── Records for this exercise
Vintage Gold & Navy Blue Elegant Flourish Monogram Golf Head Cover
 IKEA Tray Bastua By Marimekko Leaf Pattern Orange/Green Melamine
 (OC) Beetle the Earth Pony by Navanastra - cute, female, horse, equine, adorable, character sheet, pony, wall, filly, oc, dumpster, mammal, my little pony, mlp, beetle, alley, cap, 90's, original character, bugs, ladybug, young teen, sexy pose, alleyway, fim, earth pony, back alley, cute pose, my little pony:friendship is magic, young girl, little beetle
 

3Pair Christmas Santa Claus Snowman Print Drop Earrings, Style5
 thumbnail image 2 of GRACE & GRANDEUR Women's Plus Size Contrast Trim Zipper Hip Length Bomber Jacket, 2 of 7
────
#### Problem
What is needed is a full, exact copy of the records.

#### Response to the exercise
Vintage Gold & Navy Blue Elegant Flourish Monogram Golf Head Cover
 IKEA Tray Bastua By Marimekko Leaf Pattern Orange/Green Melamine
 (OC) Beetle the Earth Pony by Navanastra - cute, female, horse, equine, adorable, character sheet, pony, wall, filly, oc, dumpster, mammal, my little pony, mlp, beetle, alley, cap, 90's, original character, bugs, ladybug, young teen, sexy pose, alleyway, fim, earth pony, back alley, cute pose, my little pony:friendship is magic, young girl, little beetle
 

3Pair Christmas Santa Claus Snowman Print Drop Earrings, Style5
 thumbnail image 2 of GRACE & GRANDEUR Women's Plus Size Contrast Trim Zipper Hip Length Bomber Jacket, 2 of 7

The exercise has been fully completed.